I am trying to train a neural net (backprop + gradient descent) in python with features I am constructing on top of the google books 2-grams (English), it will end up being around a billion rows of data with 20 features each row. This will easily exceed my memory and hence using in-memory arrays such as numpy would not be an option as it requires loading the complete training set.
I looked into memory mapping in numpy which could solve the problem for input layer (which are readonly), but I will also need to store and manipulate my internal layers in the net which requires extensive data read/write and considering the size of data, performance is extremely crucial in this process as could save days of processing for me.
Is there a way to train the model without having to load the complete training set in memory for each iteration of cost (loss) minimization?

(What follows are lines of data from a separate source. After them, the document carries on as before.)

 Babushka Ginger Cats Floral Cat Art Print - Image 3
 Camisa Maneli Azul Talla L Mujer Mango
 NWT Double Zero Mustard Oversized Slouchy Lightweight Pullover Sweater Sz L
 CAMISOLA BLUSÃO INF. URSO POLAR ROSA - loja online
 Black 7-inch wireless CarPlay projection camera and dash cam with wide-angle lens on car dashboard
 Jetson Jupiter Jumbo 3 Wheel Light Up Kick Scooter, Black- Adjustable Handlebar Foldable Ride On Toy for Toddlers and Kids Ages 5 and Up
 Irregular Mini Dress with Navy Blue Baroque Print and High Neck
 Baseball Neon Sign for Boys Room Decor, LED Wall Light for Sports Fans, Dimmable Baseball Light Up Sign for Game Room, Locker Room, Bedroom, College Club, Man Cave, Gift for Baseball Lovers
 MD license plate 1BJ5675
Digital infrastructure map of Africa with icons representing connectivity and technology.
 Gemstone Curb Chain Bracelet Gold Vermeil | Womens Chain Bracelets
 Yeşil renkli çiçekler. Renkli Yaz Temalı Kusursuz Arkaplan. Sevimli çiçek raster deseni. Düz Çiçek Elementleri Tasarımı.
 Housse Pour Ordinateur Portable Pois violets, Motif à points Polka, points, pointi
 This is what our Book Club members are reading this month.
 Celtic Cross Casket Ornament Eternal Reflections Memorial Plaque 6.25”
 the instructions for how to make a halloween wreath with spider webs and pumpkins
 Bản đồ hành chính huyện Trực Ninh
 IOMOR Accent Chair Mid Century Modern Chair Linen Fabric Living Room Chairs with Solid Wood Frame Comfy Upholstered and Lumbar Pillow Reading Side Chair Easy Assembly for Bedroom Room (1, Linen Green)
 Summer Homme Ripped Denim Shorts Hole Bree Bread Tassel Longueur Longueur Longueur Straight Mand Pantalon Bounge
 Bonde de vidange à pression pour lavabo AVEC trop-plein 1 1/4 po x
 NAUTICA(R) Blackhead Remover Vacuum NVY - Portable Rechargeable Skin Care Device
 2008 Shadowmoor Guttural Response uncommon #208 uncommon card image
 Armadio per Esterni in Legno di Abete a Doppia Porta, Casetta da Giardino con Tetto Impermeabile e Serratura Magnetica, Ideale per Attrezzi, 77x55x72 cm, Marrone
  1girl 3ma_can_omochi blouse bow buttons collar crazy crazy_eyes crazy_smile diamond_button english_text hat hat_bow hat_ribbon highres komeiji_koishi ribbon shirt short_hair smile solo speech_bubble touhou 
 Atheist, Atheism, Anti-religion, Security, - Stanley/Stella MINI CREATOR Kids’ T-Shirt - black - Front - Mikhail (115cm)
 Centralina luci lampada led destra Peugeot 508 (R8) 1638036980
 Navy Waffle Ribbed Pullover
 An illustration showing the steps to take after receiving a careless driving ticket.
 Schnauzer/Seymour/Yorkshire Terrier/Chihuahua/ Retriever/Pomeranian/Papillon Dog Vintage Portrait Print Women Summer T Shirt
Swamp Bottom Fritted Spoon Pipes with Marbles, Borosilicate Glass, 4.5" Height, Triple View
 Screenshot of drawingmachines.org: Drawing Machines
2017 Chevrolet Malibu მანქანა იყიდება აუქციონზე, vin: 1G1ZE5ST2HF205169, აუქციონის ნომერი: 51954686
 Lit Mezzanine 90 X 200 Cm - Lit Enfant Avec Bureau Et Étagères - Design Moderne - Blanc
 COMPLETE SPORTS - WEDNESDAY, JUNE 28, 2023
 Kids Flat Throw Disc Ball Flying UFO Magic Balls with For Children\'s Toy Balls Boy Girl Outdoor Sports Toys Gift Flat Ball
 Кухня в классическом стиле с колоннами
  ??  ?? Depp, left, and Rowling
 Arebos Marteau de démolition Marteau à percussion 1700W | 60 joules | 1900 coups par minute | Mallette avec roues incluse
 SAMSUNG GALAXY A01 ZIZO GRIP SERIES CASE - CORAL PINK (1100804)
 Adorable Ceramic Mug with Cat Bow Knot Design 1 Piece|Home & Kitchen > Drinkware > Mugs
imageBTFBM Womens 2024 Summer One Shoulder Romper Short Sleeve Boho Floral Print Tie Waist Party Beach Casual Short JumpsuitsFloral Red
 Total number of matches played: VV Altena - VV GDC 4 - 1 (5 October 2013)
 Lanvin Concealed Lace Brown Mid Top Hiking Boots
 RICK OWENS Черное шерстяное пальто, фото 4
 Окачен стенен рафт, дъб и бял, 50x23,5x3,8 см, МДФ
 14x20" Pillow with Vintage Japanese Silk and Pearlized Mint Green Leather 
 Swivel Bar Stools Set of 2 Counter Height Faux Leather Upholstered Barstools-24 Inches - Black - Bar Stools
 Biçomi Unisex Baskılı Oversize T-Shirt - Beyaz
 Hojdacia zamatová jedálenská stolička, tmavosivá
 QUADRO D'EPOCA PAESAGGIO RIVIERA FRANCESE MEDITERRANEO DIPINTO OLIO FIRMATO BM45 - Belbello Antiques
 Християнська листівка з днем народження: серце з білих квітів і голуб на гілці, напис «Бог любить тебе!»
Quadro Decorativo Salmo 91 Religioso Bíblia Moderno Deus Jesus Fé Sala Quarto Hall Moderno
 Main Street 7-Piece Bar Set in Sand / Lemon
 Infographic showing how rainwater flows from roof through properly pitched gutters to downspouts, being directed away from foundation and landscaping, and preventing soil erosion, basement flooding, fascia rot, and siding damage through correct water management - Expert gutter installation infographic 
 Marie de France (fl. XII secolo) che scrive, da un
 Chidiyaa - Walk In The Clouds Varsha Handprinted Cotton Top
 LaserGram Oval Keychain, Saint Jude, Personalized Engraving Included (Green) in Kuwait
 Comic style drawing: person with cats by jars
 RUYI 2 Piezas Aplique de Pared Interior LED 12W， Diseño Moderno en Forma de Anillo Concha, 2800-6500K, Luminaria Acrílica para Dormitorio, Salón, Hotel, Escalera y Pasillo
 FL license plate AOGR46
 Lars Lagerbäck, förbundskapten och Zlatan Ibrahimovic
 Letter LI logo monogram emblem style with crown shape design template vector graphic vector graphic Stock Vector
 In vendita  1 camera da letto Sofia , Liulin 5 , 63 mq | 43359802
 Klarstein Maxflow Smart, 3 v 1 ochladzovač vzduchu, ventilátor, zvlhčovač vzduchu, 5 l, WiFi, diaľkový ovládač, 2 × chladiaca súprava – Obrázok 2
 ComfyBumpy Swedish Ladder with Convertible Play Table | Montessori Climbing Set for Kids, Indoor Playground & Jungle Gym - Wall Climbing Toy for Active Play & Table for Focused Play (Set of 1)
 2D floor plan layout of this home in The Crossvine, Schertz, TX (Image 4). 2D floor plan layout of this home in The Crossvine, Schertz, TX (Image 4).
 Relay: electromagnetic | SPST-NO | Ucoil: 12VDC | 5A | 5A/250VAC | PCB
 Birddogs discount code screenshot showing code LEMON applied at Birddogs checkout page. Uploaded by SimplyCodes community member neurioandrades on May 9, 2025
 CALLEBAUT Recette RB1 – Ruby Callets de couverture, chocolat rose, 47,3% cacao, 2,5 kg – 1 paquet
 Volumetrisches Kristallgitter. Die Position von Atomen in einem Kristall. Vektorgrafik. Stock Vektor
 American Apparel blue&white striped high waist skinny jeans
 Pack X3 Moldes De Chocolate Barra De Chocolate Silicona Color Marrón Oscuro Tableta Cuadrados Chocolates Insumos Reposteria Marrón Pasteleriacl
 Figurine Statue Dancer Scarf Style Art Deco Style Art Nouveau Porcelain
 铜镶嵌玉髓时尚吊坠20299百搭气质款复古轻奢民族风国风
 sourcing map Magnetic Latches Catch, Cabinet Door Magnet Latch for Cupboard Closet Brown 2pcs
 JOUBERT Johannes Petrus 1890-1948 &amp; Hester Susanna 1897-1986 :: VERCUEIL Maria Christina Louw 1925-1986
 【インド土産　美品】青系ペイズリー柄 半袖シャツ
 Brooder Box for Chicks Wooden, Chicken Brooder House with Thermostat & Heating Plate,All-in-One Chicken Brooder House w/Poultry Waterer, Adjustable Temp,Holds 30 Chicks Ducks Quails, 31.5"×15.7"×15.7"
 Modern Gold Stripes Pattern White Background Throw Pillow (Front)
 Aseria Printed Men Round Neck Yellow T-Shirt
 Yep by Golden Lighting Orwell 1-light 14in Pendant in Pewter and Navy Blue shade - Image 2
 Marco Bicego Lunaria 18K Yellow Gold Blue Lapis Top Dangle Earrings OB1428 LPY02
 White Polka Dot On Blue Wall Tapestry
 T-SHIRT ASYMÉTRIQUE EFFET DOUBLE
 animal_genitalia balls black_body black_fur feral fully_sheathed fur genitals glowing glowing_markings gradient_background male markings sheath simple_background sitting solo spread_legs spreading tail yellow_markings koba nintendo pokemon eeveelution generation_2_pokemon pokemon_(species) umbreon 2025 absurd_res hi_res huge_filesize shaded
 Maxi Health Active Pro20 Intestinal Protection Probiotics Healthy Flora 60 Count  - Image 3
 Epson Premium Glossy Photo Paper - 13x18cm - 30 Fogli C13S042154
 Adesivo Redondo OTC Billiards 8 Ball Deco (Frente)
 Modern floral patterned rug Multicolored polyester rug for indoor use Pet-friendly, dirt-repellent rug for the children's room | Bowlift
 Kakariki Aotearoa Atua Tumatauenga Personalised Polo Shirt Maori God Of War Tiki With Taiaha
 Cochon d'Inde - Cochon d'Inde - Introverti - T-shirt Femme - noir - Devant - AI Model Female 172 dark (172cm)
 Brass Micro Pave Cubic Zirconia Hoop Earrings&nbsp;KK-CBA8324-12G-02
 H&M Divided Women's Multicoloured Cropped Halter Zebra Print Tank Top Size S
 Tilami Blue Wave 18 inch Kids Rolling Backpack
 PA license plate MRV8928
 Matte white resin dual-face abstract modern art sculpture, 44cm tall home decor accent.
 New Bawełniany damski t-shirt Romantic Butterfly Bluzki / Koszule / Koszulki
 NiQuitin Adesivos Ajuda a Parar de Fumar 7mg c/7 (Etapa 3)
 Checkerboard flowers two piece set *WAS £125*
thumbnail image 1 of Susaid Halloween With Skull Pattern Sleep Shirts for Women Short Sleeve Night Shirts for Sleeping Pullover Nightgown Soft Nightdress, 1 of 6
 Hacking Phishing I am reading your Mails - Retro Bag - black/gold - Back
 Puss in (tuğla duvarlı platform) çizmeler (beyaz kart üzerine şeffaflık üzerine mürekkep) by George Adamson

What you are probably looking for is minibatching. In general many methods of training neural nets are gradient based, and as your loss function is a function of trianing set - so is the gradient. As you said - it may exceed your memory. Luckily, for additive loss functions (and most you will ever use - are additive) one can prove that you can substitute full gradient descent with stochastic (or minibatch) gradient descent and still converge to a local minima. Nowadays it is very often practise to use batches of 32, 64 or 128 rows, thus rather easy to fit in your memory. Such networks can actually converge faster to solution than the ones trained with full gradient, as you make N / 128 moves per dataset instead of just one. Even if each of them is rather rough - as a combination they work pretty well.